■ **AIM OF THE TASK**:
Output only the lines of the entries that follow, starting at the one with "1423 N 950 E, Shelley, ID 83274" and running down to the one with "Used 2024 Kia", both included and unchanged.

Items listed in a dataset:
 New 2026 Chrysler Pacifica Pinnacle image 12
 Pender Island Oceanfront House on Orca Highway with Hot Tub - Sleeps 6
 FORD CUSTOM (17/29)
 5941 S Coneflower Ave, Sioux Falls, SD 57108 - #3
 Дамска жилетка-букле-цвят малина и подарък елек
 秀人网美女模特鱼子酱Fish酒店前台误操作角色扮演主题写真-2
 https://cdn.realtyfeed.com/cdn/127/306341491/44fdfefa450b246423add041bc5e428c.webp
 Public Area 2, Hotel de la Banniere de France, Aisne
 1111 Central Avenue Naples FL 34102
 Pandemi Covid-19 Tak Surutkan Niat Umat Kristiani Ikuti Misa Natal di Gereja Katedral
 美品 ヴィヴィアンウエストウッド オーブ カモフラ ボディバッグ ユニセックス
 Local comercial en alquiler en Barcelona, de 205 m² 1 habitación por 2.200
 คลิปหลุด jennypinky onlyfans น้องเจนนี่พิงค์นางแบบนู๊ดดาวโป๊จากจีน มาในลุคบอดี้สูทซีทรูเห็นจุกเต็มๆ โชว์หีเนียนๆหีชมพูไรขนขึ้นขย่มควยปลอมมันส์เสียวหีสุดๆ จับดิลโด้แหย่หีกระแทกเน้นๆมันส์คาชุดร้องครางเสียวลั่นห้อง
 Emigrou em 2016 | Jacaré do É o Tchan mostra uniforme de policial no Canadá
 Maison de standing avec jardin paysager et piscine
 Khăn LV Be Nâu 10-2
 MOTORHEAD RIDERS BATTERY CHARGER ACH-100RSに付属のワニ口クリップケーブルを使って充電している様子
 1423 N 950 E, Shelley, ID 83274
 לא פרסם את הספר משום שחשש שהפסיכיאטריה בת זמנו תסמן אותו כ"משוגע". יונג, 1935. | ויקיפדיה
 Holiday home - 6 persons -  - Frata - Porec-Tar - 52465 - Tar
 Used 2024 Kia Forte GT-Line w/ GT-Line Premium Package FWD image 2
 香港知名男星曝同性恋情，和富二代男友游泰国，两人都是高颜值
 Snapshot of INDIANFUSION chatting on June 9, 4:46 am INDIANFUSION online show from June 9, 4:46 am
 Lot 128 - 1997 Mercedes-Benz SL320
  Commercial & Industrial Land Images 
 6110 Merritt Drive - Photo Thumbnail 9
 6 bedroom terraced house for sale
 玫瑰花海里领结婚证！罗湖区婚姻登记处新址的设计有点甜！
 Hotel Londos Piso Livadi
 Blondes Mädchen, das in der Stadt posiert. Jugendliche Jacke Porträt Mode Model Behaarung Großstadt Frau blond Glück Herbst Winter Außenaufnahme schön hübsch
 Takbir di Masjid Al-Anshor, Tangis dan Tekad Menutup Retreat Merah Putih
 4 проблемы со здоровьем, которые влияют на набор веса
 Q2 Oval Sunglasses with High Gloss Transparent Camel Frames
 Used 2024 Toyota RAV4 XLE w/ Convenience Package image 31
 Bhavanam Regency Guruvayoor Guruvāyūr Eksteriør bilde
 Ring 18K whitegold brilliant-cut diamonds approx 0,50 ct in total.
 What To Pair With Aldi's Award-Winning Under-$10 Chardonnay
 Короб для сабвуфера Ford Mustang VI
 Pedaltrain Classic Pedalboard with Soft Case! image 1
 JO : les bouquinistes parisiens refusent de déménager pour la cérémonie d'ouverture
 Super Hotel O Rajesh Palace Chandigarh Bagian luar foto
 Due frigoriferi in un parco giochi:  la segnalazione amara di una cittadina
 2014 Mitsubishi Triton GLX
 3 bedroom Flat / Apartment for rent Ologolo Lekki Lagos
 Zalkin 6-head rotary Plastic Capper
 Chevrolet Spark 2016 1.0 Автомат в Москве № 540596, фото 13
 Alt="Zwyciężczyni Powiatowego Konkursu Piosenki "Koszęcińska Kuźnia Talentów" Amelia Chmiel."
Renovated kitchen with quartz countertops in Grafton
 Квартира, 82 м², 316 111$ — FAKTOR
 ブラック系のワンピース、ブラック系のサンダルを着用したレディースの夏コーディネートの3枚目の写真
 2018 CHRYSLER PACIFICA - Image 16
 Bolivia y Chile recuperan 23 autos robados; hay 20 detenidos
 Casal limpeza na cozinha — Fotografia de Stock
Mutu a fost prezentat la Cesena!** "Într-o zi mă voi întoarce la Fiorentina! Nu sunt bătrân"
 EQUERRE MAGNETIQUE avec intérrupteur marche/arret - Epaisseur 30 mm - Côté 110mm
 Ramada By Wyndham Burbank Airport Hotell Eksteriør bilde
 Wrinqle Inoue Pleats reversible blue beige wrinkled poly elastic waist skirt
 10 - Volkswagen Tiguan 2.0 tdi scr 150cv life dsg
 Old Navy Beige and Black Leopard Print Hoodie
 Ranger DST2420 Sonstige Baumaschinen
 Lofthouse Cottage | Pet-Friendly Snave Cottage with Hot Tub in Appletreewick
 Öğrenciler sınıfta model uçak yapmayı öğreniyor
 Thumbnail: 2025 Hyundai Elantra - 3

■ **RESULT OF THE TASK**:
 1423 N 950 E, Shelley, ID 83274
 לא פרסם את הספר משום שחשש שהפסיכיאטריה בת זמנו תסמן אותו כ"משוגע". יונג, 1935. | ויקיפדיה
 Holiday home - 6 persons -  - Frata - Porec-Tar - 52465 - Tar
 Used 2024 Kia Forte GT-Line w/ GT-Line Premium Package FWD image 2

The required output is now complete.